The fairy tale allows for both female and male strong characters — Clara is consoled and protected, thwarting the Mouse King’s threat to her prince and then regaled by the Nutcracker Prince and awarded a royal tiara by the Sugar Plum Fairy. The sensual duets added romance for date night audience members; the audience’s rock star type acknowledgements were proof positive of the spectacular performances.
In the Prologue, the special effect of a transparent screen alongside the partygoers’ strolling arrival, seamlessly allowed the transition to the grand party to be a delightful surprise as the stage was illuminated. With the youngsters offstage enjoying cake, the adults engaged in a fun gauntlet challenge — the choreography reflecting historic style for late 1800s but the partying for any generation. From the six year olds to the parent guest cast members, all were good actors playing their roles without upstaging the different scenes’ leads.
The mice and rats had great audience appeal displaying rodent traits, doing battle en pointe, and the Mouse King sneaking in some flossing as the curtain ended the act.
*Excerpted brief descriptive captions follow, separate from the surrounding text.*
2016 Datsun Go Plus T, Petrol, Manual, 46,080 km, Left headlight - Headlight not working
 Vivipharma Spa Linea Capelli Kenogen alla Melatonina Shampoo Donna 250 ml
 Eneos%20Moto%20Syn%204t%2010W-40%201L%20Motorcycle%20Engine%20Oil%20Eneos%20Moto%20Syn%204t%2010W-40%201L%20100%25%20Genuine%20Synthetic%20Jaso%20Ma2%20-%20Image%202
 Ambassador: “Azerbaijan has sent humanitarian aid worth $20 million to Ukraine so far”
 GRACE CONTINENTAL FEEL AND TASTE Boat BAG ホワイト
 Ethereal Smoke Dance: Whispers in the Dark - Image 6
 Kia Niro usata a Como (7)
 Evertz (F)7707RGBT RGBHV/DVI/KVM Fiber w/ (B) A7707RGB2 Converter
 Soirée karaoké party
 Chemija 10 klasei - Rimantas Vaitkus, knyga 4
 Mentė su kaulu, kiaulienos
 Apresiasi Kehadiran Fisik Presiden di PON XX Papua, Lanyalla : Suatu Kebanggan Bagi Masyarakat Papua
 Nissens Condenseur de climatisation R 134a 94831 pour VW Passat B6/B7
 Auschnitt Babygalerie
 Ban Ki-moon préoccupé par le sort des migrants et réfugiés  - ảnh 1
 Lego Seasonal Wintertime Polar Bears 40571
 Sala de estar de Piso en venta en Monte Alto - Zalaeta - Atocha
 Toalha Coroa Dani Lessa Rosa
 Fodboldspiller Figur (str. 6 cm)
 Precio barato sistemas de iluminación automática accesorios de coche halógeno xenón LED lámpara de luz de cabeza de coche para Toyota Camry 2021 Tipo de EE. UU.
Both casts’ Arabian dancers — Chelsea Endris and Shady Mohamed, Christina Franco and Vadim Slavitskiy — wowed the audience with their strength and interactive dance creating visions of mythical deities. The Harlequin, Columbine, and Military Dolls — Ruslan, Shady, Debora Greer, Jill Signer, Rebecca Hickson, and Chelsea — mastered the classical choreography while steadfastly maintaining marionette poses to the audience’s delight as they were carried offstage.
With the well-known music providing support, the duets, solos and Grand Pas de Deux of the Sugar Plum Fairy and her Cavalier — Julianne Russell and Vadim Slavitskii, Kaitlin Frankenfield and Joshua Burnham — lived up to their entrance and finale with breathtaking beauty. These pieces are long but the dancers’ ovation-worthy performances more than justified the audience’s patience.
MBT started its Nutcracker performances in 1991 and began multiple weekend performances when first appearing on the Hylton Performing Arts Center’s Merchant Hall stage in 2010. The 2019 production is history, but an exemplary addition to the community’s archives of cultural phenomena — vibrant and a holiday tradition to be continued. A seasoned attendee of the ballet who attended great Russian and European ballet companies’ Nutcracker performances in her youth stated, “While those were supreme, MBT’s is close in quality and also right here close in the community” so she can attend and experience the similar joy.